Shifting over to the next obvious category, the presentation, I was impressed by the quality and animations seen in the trainers themselves, who are quite vibrant and lively on screen, carrying themselves with a large amount of charm and charisma, and found the accompanying backdrops of Pasio to be quite appealing. It is a level of detail that, and I really hate to say this, does highlight where some of the Pokemon models are lacking. They are often being relegated to idling and levitating statues during the dialog sections and when they do move, they lack the same expressiveness found in their trainers, and the visual polish, with some of the texturework showing its age, particularly with larger character models like Arcanine. While the UI is rather sterile, being this vaguely futuristic array of bluish green hues that does not capture the same personality and bravado that I feel is so present in other parts of the game.
Pokemon Masters has all the landmarks of a quality mobile game, the foundational structure provided by the developers is a very solid one, and the character dynamics and insights are a driving force that makes the game worth playing. However, when trying to gain a deeper understanding of its reward structure and pursue mastery over its systems, the game demands so much meaningless busywork that it becomes difficult to view the game as anything more than a mess. The numbers, rewards, drop rates, difficulty spikes, these mathematical processes are all out of skew, resulting in a game that feels as if it was not properly balanced before release.

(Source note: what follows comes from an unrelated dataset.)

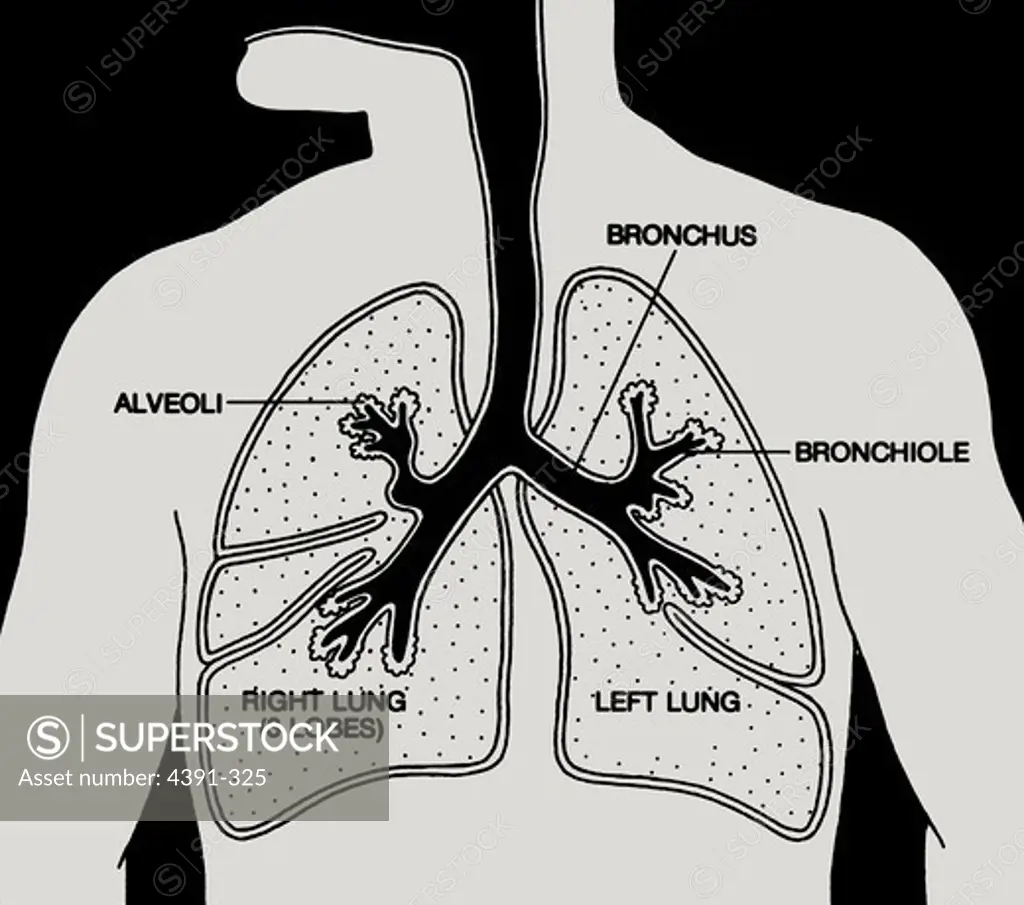 A cutaway diagram of the lungs in the chest.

In a world of constant patches, updates, and fixes, I generally dislike the prospect of playing and covering games near or at launch, as whatever issues plague a title can indeed be fixed through subsequent updates, improvements, and patches, which go to invalidate one’s criticisms in the long term, and leave me with a twinge of disappointment that I opted to rush in and play through a title while it was relevant, as opposed to waiting for the game to reach its improved state. As I write this I am left hoping that DeNA and The Pokemon Company are hard at work updating and revising the reward structures of this game, because the title deserves better. The time and effort exerted into it deserves to be better represented, and for as dubious as these live service mobile games can be conceptually, I like the idea of having one based entirely around Pokemon battles and fan service. But they… they just messed it up something fierce.

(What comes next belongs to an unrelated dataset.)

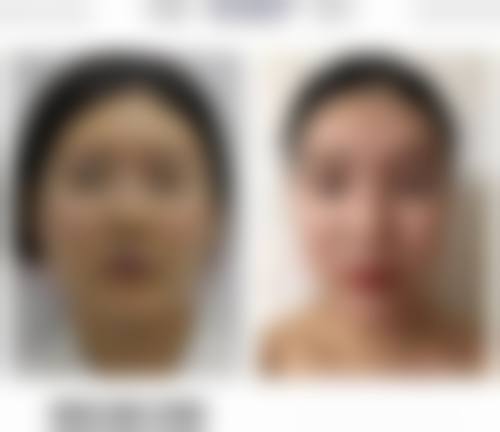 贵阳康馨医疗美容诊所求美者反馈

Or at least that’s my take on things. People seem to have been more receptive to this game’s tactics and already spent over $25 million on the thing, so I might just be crazy.
EDIT (9/11/19): It turns out that I made an incorrect assumption in my data gathering, as I did not realize that the upgrade requirements for characters differed between story and non-story characters. So my numbers are not fully accurate here and there are exceptions to the rules I broke down in detail. But I still stand by what I said, and still think this upgrade system’s requirements are rubbish.